***** Data

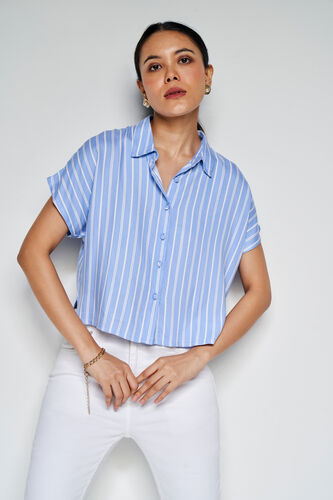The Stripe Print Top, Blue, image 4
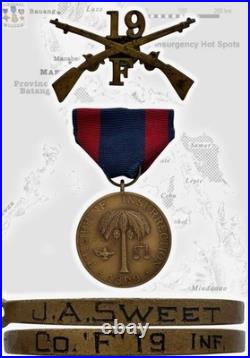 Named Army Philippine Insurrection Campaign Medal Cpl. Sweet 19th Inf. +research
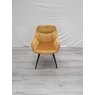 Gallery Collection Dali - Mustard Velvet Fabric Chairs with Black Legs (Single) - Grade A2 - Ref #0825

**********

Please retype the whole listing above exactly, without any of its images.

The Stripe Print Top, Blue, image 4
 Named Army Philippine Insurrection Campaign Medal Cpl. Sweet 19th Inf. +research
 Gallery Collection Dali - Mustard Velvet Fabric Chairs with Black Legs (Single) - Grade A2 - Ref #0825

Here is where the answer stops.